I costumi atemporali e la scenografia scarna ma evocativa contribuiscono a rendere lo spettacolo sospeso in un tempo indefinito, come a sottolineare che la tragedia di Otello potrebbe accadere ovunque e oggi. La regia rifiuta l’enfasi, puntando su sguardi, silenzi e tensioni che parlano più delle parole stesse. Sul palco si alternano interpreti dal talento ormai consolidato, capaci di dare corpo e voce ai loro personaggi con intensità e misura: Davide Paganini è Roderigo, l’incarnazione del possesso; Gerardo Maffei è Brabanzio, rappresentazione della società arcaica e della paura del diverso; Andrea Papale è Cassio, la speranza nel genere maschile che sempre più a gran voce si sta schierando perché le prime pagine dei giornali possano finalmente cambiare; e poi c’è Dalia Aly, Emilia…lei che subisce il controllo di Iago ma che alla fine decide che è arrivato il momento di parlare, che non ha più voglia di stare zitta come vorrebbe la società. La pennellata conclusiva è Salvatore Rancatore nei panni di un Doge fuori dagli schemi che entra in scena per la prima volta cantando “I want to break free”, concentrato più sul suo aspetto che su ciò che gli accade attorno, con un linguaggio ricco di anglicismi per snobismo linguistico, specchio del potere e della società moderna.

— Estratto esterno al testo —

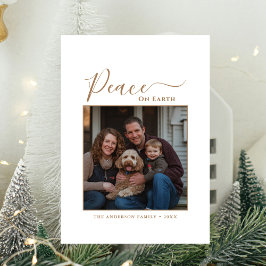 Hund Guld Peace on Earth Family Photo jul Julkort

Forse, allora,, il vero protagonista è lo specchio. C’è lo specchio concreto, verticale che Pasotti ha preso “in prestito” da “La Traviata degli Specchi” del 1992 dello scenografo Joseph Svoboda e che permette allo spettatore di entrare nella bidimensionalità della messa in scena; ma anche di rompere un’ulteriore tabù del teatro: far sì che l’attore possa dare le spalle al pubblico. Poi, c’è lo specchio astratto: Otello e Iago, il riflesso l’uno dell’altro, due facce di una stessa medaglia. I corpi delle due donne a terra, prive di vita e loro che si osservano a lungo; proprio come se fossero davanti al proprio riflesso.

Con questo allestimento, Pasotti e Maraini riportano Shakespeare tra le mani degli spettatori contemporanei, trasformando Otello in un dramma urgente sul femminicidio, sull’odio che cresce nell’ombra e sulla necessità di vedere oltre le maschere.

Entra il Doge, con il monopattino passa incurante tra i corpi inermi delle due donne, rompe la quarta parete e osserva il pubblico…siamo alla resa dei conti e con il suo essere fuori dagli schemi affonda il suo colpo da maestro, la sentenza finale che, si spera, inizierà a tormentare lo spettatore come le parole di Iago hanno fatto con Otello: “pensate davvero che questa storia non riguardi anche voi?” …il pubblico delle prime file vede il suo riflesso nello specchio verticale e il teatro che emoziona, ma soprattutto che interroga, stasera più che mai sta chiedendo: chi è davvero il nostro Iago?